__WHAT THE TASK REQUIRES__
Word for word, print each record, dropping any image it holds.

__EXERCISE INPUTS__
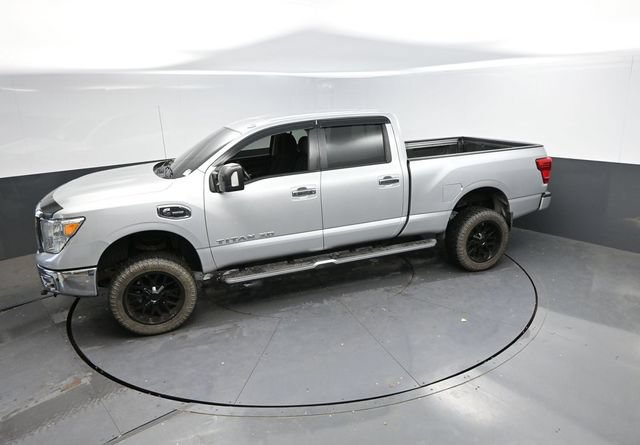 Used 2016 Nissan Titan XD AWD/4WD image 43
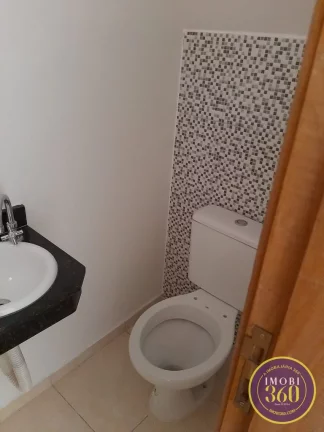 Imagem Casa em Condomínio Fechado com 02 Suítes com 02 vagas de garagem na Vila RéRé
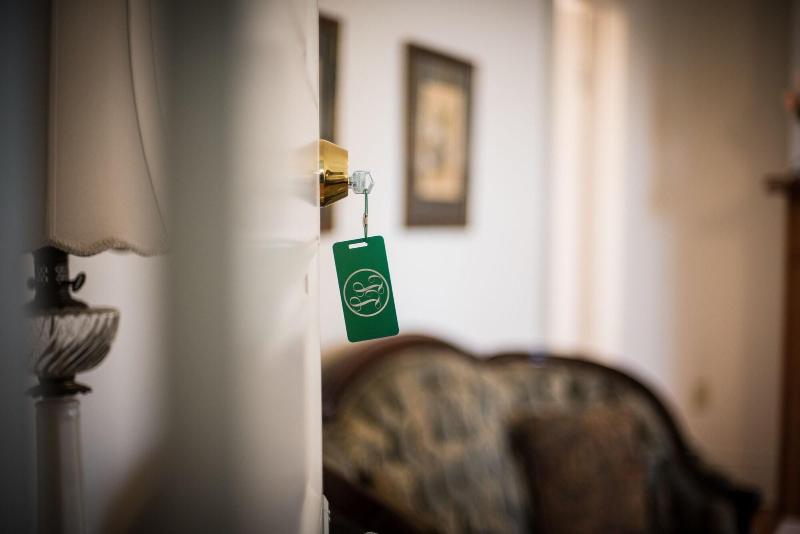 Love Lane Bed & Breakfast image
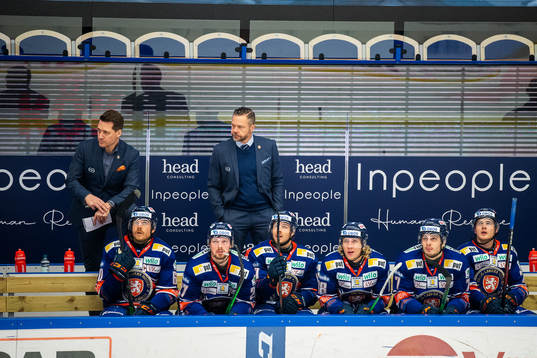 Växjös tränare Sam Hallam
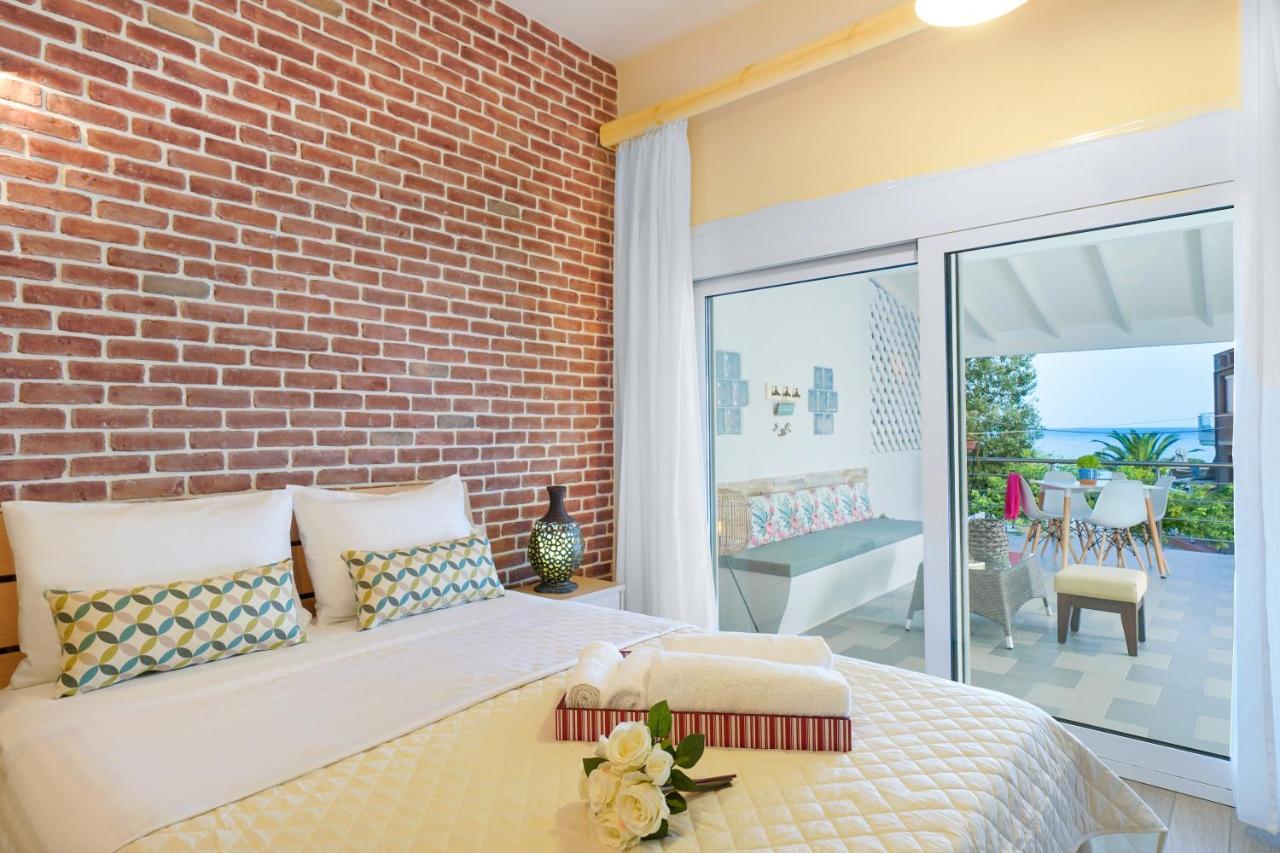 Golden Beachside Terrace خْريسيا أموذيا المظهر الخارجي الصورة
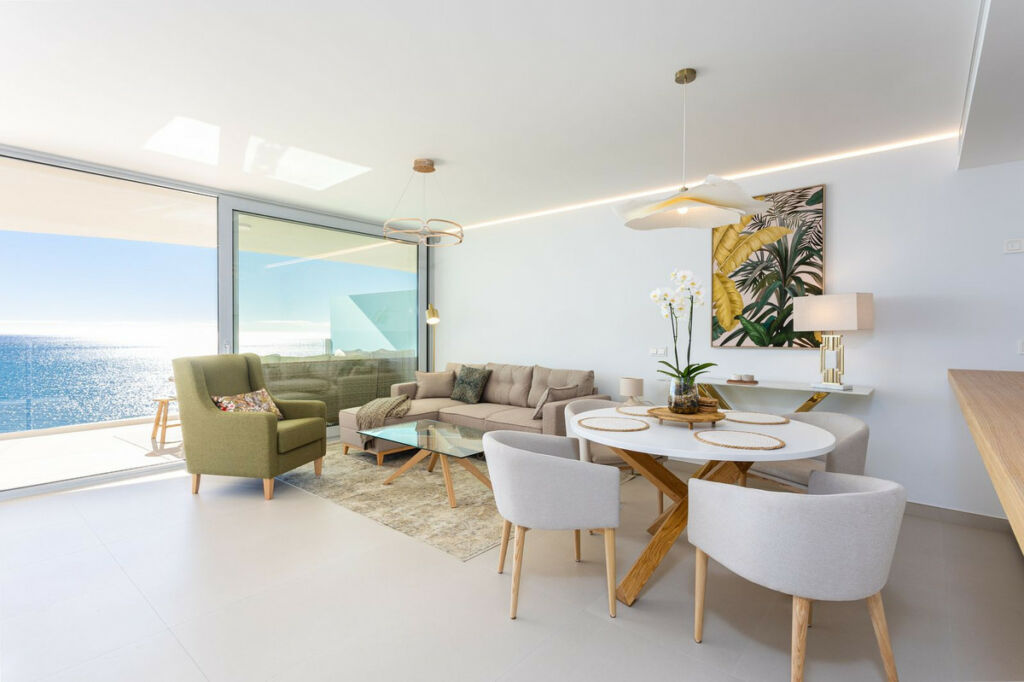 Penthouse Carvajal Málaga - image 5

__YOUR RESPONSE__
 Used 2016 Nissan Titan XD AWD/4WD image 43
 Imagem Casa em Condomínio Fechado com 02 Suítes com 02 vagas de garagem na Vila RéRé
 Love Lane Bed & Breakfast image
 Växjös tränare Sam Hallam
 Golden Beachside Terrace خْريسيا أموذيا المظهر الخارجي الصورة
 Penthouse Carvajal Málaga - image 5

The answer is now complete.